Start of Listed entries
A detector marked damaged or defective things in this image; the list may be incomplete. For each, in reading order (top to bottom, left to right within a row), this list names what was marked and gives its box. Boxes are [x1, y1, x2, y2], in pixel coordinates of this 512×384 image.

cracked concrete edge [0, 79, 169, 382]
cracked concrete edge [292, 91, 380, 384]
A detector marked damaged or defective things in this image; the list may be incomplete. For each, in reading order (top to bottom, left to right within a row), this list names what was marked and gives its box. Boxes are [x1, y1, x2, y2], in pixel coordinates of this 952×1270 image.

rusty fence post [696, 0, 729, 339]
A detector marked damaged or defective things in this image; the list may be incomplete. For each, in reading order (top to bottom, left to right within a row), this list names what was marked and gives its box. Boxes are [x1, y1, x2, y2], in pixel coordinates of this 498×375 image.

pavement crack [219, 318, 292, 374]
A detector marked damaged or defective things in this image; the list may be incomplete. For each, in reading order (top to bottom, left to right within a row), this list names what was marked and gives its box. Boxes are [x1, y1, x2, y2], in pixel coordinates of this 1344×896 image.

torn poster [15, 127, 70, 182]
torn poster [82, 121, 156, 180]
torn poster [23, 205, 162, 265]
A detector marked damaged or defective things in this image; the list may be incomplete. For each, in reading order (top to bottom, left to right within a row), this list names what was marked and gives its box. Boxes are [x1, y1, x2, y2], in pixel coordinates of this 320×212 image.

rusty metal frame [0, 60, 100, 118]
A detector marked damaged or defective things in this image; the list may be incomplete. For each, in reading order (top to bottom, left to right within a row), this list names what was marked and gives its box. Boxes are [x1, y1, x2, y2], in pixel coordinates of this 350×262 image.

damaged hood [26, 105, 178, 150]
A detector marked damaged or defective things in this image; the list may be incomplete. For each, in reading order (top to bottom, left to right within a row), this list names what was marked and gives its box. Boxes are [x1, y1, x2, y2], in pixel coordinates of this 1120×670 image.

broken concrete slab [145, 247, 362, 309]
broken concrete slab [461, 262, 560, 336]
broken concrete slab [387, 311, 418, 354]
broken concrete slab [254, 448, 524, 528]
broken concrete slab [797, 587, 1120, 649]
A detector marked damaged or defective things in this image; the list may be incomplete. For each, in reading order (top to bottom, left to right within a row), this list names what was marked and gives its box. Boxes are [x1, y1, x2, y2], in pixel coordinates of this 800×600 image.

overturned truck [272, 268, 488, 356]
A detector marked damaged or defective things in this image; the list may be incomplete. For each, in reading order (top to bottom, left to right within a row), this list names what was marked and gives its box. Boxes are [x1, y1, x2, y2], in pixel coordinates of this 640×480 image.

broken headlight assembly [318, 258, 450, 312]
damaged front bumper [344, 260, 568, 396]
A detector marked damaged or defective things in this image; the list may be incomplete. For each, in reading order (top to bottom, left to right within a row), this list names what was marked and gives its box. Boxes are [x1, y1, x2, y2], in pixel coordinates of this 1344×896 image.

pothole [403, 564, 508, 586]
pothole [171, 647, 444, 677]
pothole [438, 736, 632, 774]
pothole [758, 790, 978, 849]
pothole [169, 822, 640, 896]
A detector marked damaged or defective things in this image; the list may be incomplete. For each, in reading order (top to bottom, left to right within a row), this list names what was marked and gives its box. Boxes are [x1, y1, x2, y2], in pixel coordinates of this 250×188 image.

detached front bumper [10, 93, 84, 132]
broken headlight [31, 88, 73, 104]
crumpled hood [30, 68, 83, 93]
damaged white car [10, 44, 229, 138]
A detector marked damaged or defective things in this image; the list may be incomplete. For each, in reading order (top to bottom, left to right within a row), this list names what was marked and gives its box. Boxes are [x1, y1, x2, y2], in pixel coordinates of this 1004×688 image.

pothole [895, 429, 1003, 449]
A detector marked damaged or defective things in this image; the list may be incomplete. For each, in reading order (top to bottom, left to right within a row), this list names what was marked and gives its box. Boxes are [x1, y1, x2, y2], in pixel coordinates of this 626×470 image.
End of Listed entries
● **Activity**
Print exactly the lines from the one with "this 250×188 image." through the last line of the material, including both, and no others.

● **Solved exercise**
A detector marked damaged or defective things in this image; the list may be incomplete. For each, in reading order (top to bottom, left to right within a row), this list names what was marked and gives its box. Boxes are [x1, y1, x2, y2], in pixel coordinates of this 250×188 image.

detached front bumper [10, 93, 84, 132]
broken headlight [31, 88, 73, 104]
crumpled hood [30, 68, 83, 93]
damaged white car [10, 44, 229, 138]
A detector marked damaged or defective things in this image; the list may be incomplete. For each, in reading order (top to bottom, left to right within a row), this list names what was marked and gives its box. Boxes are [x1, y1, x2, y2], in pixel coordinates of this 1004×688 image.

pothole [895, 429, 1003, 449]
A detector marked damaged or defective things in this image; the list may be incomplete. For each, in reading order (top to bottom, left to right within a row), this list names what was marked and gives its box. Boxes are [x1, y1, x2, y2], in pixel coordinates of this 626×470 image.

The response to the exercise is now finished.